When: 10 p.m. Saturday

Where: hi-dive, 7 S. Broadway, Denver, 303-733-0230

Cost: $6

More info: hi-dive.com

D enver five-piece Varlet (pronounced phonetically, in English) sound like a conglomeration of psych, folk and pop rock, with 1940s vocals and an activist streak. That's exactly how the music gets made. Ahead of the band's show at the hi-dive this Saturday, we talked to frontwoman Lilly Scott about her many influences and the band's next record.

First, the origins of your name -- it's Shakespearean, isn't it?

Oh yeah, I'm actually a huge Shakespeare nut and it's actually from the play King Lear and it means a knave or scoundrel. It's a cool name that I like a lot and, also, it's definitely easier to understand and pronounce when you realize it's not French.

Do you get other inspiration from Shakespeare?

Definitely. I do kind of admire his comedic, dreamy and also depressing ways that he writes his plays. So yeah, I draw most of my inspiration for the band from music, but definitely Shakespeare.

What kind of music?

I definitely adore Billie Holiday and '40s music, like Andrews Sisters and Doris Day. I'm really infatuated with Harry Nilsson, like everyone else in the band, and Tom Waits.

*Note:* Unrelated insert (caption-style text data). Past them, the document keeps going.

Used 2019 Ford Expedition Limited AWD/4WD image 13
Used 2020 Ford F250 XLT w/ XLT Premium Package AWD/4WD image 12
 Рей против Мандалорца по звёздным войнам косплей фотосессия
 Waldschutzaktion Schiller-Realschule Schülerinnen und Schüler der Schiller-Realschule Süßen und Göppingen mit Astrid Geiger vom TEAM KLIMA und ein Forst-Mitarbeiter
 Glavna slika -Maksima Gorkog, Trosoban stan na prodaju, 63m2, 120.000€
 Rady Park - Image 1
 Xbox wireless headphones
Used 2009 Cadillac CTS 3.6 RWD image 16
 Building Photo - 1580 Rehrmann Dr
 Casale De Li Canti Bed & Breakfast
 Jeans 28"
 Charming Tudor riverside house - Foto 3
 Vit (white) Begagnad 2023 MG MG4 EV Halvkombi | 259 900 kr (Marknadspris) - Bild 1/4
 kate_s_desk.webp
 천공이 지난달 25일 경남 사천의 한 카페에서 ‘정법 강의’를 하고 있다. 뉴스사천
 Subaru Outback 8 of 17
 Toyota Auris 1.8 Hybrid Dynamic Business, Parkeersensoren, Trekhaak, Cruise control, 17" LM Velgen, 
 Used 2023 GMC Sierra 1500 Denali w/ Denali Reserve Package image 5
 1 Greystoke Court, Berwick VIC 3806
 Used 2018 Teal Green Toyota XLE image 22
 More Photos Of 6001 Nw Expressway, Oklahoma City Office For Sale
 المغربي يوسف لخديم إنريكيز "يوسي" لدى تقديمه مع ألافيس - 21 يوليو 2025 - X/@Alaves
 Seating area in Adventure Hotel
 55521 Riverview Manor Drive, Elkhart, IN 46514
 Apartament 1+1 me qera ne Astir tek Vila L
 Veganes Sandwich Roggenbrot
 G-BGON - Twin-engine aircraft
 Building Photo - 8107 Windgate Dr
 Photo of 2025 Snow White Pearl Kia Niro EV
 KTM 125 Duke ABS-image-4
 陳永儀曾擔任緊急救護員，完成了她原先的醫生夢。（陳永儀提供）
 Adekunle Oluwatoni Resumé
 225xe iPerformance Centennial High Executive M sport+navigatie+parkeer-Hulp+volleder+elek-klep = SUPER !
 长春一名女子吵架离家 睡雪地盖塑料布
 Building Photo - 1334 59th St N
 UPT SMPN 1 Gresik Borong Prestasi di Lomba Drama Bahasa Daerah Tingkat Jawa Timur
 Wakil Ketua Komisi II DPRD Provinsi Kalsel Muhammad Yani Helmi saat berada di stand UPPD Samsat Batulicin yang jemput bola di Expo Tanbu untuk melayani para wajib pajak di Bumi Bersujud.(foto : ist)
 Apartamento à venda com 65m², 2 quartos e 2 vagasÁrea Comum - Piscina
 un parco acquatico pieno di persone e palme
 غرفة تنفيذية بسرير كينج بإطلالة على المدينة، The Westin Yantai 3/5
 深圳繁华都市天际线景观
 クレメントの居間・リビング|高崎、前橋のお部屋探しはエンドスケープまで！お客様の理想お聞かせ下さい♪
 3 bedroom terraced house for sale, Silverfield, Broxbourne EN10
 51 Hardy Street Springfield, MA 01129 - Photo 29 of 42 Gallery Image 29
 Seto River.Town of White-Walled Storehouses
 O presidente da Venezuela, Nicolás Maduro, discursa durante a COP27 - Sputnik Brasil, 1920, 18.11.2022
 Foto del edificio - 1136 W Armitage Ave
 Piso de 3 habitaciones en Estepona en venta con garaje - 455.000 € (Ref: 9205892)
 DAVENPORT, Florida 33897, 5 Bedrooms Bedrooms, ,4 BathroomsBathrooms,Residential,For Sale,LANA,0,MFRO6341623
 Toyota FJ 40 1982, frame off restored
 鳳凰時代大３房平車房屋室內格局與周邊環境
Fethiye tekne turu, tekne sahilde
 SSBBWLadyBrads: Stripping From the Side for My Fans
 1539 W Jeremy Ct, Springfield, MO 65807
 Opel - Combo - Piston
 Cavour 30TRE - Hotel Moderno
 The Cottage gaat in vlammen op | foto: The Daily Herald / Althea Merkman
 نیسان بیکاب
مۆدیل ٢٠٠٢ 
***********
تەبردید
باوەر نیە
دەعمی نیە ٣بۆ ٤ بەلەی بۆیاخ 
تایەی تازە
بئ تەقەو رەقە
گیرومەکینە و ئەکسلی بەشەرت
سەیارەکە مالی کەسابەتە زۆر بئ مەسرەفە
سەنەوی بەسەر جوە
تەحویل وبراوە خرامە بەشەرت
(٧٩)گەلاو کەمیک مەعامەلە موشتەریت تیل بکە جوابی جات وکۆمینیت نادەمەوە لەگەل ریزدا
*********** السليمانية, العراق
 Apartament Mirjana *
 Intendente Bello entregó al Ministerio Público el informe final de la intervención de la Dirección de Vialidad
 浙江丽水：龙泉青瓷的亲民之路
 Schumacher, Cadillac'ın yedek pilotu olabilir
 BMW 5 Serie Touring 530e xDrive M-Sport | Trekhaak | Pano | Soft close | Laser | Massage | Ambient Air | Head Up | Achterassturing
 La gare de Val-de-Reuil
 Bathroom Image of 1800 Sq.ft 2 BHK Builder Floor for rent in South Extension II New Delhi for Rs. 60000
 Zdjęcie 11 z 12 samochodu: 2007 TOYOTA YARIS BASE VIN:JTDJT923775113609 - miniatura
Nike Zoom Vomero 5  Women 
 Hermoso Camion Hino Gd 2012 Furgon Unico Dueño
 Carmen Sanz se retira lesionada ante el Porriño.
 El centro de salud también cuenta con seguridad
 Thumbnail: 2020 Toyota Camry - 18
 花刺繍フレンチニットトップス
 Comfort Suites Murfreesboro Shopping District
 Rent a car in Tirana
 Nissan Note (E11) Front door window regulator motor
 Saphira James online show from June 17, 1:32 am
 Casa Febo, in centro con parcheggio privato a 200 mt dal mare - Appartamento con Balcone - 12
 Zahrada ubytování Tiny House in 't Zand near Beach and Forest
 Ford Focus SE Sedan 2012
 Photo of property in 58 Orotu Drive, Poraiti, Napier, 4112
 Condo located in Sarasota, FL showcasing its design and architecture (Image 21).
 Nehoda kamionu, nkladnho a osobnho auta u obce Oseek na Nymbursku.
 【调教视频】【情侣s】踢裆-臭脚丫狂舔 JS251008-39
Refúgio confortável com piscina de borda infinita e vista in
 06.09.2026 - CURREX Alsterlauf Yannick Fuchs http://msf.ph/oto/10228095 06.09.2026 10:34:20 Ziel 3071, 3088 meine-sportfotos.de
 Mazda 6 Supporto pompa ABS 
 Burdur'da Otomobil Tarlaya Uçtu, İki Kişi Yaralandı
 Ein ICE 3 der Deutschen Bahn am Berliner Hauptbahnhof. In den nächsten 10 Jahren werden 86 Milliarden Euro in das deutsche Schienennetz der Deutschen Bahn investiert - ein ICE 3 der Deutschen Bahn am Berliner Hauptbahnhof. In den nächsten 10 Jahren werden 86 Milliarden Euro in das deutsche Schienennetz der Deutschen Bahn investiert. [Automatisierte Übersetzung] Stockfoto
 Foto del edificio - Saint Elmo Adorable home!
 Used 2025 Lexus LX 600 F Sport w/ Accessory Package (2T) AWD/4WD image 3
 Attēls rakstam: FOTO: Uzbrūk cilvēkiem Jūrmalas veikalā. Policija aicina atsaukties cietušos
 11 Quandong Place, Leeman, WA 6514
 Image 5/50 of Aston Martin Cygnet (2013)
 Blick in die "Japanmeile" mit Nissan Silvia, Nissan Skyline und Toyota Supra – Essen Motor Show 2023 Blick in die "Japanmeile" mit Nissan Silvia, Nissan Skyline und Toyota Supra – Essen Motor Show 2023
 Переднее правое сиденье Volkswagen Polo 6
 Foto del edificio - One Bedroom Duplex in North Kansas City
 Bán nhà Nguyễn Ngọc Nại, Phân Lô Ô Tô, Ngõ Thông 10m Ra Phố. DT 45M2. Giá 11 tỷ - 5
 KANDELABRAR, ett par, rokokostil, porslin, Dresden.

I also noticed you've listed an interest on Facebook as "questioning the fuck out of authority."

I'm a huge animal rights activist and mega-feminist, so that all goes hand-in-hand with questioning authority.

Does that come out in your music?

Definitely. A lot of my lyrical inspirations are of things that can't seem to be solved in life, like the strife of animals and people's liberation.

Do you think people notice that? Do they approach you to talk about it?

I have received feedback from fans saying that it does sound original, maybe they can't place what the song is about per se. But the new record is very outspoken and blunt, for sure, and I like it. That's how I like to roll.

So you're working on a new record?

We're done recording. We did the entire record in 10 days in the Hideaway Studios, and that was really rad. We're basically just waiting on the mixing process. James Barone, who's the drummer for Tennis, is mixing the album and he's busy with stuff with Tennis. We'll postpone on the release 'til early August. Other than that, it's all done.

How did it go?

It was awesome. We had the chance to use a lot of vintage equipment up there. The whole studio is analog, so it's staying with our lo-fi sound we had on the Drifter EP. So that's cool. It was an awesome experience to be able to do it all at once instead of trying to schedule each of us to do individual tracking here and there, which is hard for a five-piece band with jobs. It was awesome to do it together ... It's about as collaborative as it can get. The record is half and half songs that I wrote the lyrics to, and our drummer Will Duncan wrote lyrics to the other half. I have kind of a psychedelic, Broadcast, weird vibe to my songs, and his are kind of '70s pop, Elton John, so we have this Lennon/McCartney situation going on with the new record. Hence, why we're waiting on James to mix it because he really has our sound down.